3. Workflow  ![work%20flow.png](attachment:work%20flow.png)
First, we will use Python to read our csv files, create database and proper tables. Then, we will load needed data columns of csv files into tables. Next, we will extract data with correct SQL query to get total energy consumption by state and mean air quality in 2016. Finally, we will generate a plot showing our results

4. ER Diagram 
![er%20diagram.png](attachment:er%20diagram.png)  

stateTable: has_many energyConsumption   
energyConsumption: belongs to stateTable

stateTable: has_many poluation population   
population: belongs to stateTable
 
stateTable: has many airQuality   
airQuality: belongs to stateTable

![airquality.JPG](attachment:airquality.JPG)  
airQuality table  
![energyconsum.JPG](attachment:energyconsum.JPG)  
energyConsumtion table  
![population.JPG](attachment:population.JPG)  
population table   
![statetable.JPG](attachment:statetable.JPG)
stateTable

5. Code for loading csv into database and description

In [1]:
import pprint
import csv
import pymysql

In [2]:
# open first csv file of state table data 
with open('state_table.csv',mode='r',encoding='utf-8-sig') as csvfile:
  
    myCSVReader = csv.DictReader(csvfile, delimiter=",", quotechar='"')
    myCSVReader=list(myCSVReader)
    for row in myCSVReader[:2]:
        pprint.pprint(row)

OrderedDict([('id', '1'),
             ('name', 'Alabama'),
             ('abbreviation', 'AL'),
             ('country', 'USA'),
             ('type', 'state'),
             ('sort', '10'),
             ('status', 'current'),
             ('occupied', 'occupied'),
             ('notes', ''),
             ('fips_state', '1'),
             ('assoc_press', 'Ala.'),
             ('standard_federal_region', 'IV'),
             ('census_region', '3'),
             ('census_region_name', 'South'),
             ('census_division', '6'),
             ('census_division_name', 'East South Central'),
             ('circuit_court', '11')])
OrderedDict([('id', '2'),
             ('name', 'Alaska'),
             ('abbreviation', 'AK'),
             ('country', 'USA'),
             ('type', 'state'),
             ('sort', '10'),
             ('status', 'current'),
             ('occupied', 'occupied'),
             ('notes', ''),
             ('fips_state', '2'),
             ('assoc_press', 'Alaska'

In [3]:
# write into SQL database table "stateTable"
# need name, abbreviation, and census_region_name

connection = pymysql.connect(host="mariadb",
            user="root",  # mysql user
            passwd="",  # mysql passd
            db="my_project",
            autocommit=True,
            cursorclass=pymysql.cursors.DictCursor
            )

cursor = connection.cursor()

cursor.execute("TRUNCATE stateTable")

with open('state_table.csv',mode='r',encoding='utf-8-sig') as csvfile:
  
    myCSVReader = csv.DictReader(csvfile, delimiter=",", quotechar='"')
    

    sql = """INSERT INTO stateTable (name, abbreviation, region) VALUE (%(name)s,%(abbreviation)s,%(region)s)"""

    for row in myCSVReader:
        
        param_dict = {'name': row['name'],
                      'abbreviation': row["abbreviation"],
                      'region': row["census_region_name"]}
        cursor.execute(sql, param_dict)

The population file includes a population of seven years in the US states, and we chose to use the value of 2016. Because population numbers contain separators (“,”), we first remove the separators and then convert it into integers to write it into the database.
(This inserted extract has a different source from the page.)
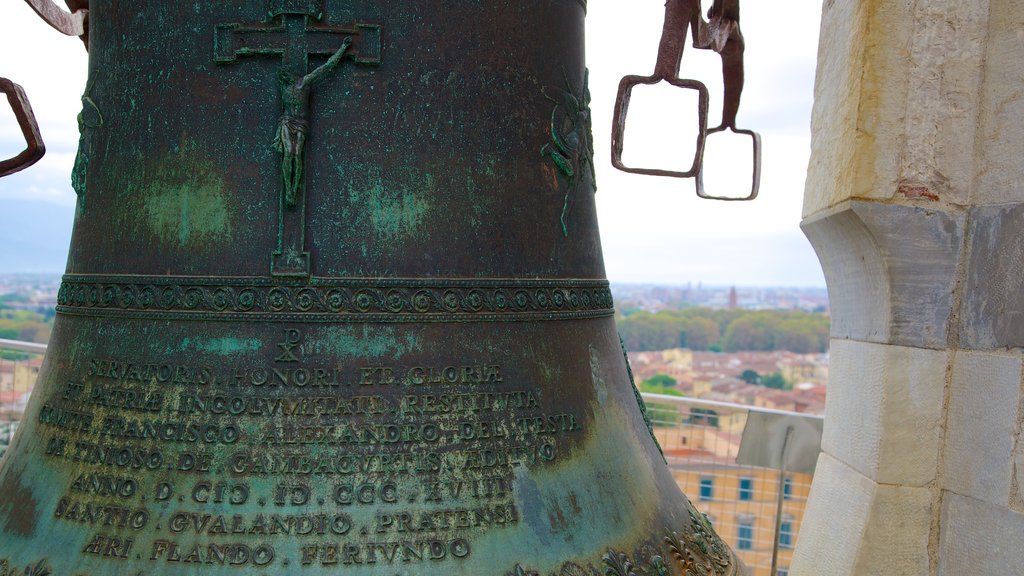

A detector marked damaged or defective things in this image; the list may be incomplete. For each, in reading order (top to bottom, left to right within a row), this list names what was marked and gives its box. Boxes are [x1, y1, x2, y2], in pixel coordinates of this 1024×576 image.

We use encoding “utf-8-sig” to make the columns can be correctly read. 

In [4]:
# open first csv file of population data 
# need 1-Jul-16 population, and state
# mannuly change the name of 'Geographic name' of District of Columbia to Washington DC in order to be consistent to the name in stateTable

with open('Annual_Population_Estimates_data.csv', mode='r',encoding='utf-8-sig') as csvfile:
  
    myCSVReader = csv.DictReader(csvfile, delimiter=",", quotechar='"')
    myCSVReader=list(myCSVReader)
    for row in myCSVReader[:2]:
        pprint.pprint(row)

OrderedDict([('1-April-2010 base estimate', '4,780,131'),
             ('Geographic name', 'Alabama'),
             ('Numeric change', '83,169'),
             ('1-Jul-10', '4,785,492'),
             ('1-Jul-11', '4,799,918'),
             ('1-Jul-12', '4,815,960'),
             ('1-Jul-13', '4,829,479'),
             ('1-Jul-14', '4,843,214'),
             ('1-Jul-15', '4,853,875'),
             ('1-Jul-16', '4,863,300'),
             ('Percent change', '1.70%'),
             ('July 1, 2016 (rank)', '24'),
             ('Estimates base (rank)', '23'),
             ('Numeric change (rank)', '29'),
             ('Percent change (rank)', '36'),
             ('Geographic level', 'State')])
OrderedDict([('1-April-2010 base estimate', '710,249'),
             ('Geographic name', 'Alaska'),
             ('Numeric change', '31,645'),
             ('1-Jul-10', '714,031'),
             ('1-Jul-11', '722,713'),
             ('1-Jul-12', '731,089'),
             ('1-Jul-13', '736,879'),
          

In [5]:
# write into SQL database table "population"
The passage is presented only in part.